Copy every entry. Do not alter a single word.

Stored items
####

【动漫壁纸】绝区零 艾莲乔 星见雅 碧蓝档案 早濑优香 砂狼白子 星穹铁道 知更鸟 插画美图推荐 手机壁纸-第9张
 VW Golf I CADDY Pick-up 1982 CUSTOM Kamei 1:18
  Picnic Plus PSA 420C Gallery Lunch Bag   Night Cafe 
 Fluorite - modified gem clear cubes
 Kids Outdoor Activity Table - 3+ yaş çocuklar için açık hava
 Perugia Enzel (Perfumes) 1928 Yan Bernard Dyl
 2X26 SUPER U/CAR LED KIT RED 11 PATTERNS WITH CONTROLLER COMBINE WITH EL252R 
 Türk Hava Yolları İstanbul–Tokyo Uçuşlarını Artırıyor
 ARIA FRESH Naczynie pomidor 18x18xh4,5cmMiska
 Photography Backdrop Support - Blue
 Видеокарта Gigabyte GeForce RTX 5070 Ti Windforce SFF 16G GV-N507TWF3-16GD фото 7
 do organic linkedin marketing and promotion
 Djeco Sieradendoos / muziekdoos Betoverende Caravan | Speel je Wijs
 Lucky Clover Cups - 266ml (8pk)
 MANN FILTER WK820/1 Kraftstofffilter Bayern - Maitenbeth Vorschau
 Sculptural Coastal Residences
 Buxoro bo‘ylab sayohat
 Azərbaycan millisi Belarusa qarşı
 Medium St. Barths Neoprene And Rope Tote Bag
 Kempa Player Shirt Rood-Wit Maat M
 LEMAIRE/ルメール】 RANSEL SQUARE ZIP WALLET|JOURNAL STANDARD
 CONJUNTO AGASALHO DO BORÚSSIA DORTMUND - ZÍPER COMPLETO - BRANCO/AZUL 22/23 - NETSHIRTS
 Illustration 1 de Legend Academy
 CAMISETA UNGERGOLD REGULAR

####

- _Final answer_:
【动漫壁纸】绝区零 艾莲乔 星见雅 碧蓝档案 早濑优香 砂狼白子 星穹铁道 知更鸟 插画美图推荐 手机壁纸-第9张
 VW Golf I CADDY Pick-up 1982 CUSTOM Kamei 1:18
  Picnic Plus PSA 420C Gallery Lunch Bag   Night Cafe 
 Fluorite - modified gem clear cubes
 Kids Outdoor Activity Table - 3+ yaş çocuklar için açık hava
 Perugia Enzel (Perfumes) 1928 Yan Bernard Dyl
 2X26 SUPER U/CAR LED KIT RED 11 PATTERNS WITH CONTROLLER COMBINE WITH EL252R 
 Türk Hava Yolları İstanbul–Tokyo Uçuşlarını Artırıyor
 ARIA FRESH Naczynie pomidor 18x18xh4,5cmMiska
 Photography Backdrop Support - Blue
 Видеокарта Gigabyte GeForce RTX 5070 Ti Windforce SFF 16G GV-N507TWF3-16GD фото 7
 do organic linkedin marketing and promotion
 Djeco Sieradendoos / muziekdoos Betoverende Caravan | Speel je Wijs
 Lucky Clover Cups - 266ml (8pk)
 MANN FILTER WK820/1 Kraftstofffilter Bayern - Maitenbeth Vorschau
 Sculptural Coastal Residences
 Buxoro bo‘ylab sayohat
 Azərbaycan millisi Belarusa qarşı
 Medium St. Barths Neoprene And Rope Tote Bag
 Kempa Player Shirt Rood-Wit Maat M
 LEMAIRE/ルメール】 RANSEL SQUARE ZIP WALLET|JOURNAL STANDARD
 CONJUNTO AGASALHO DO BORÚSSIA DORTMUND - ZÍPER COMPLETO - BRANCO/AZUL 22/23 - NETSHIRTS
 Illustration 1 de Legend Academy
 CAMISETA UNGERGOLD REGULAR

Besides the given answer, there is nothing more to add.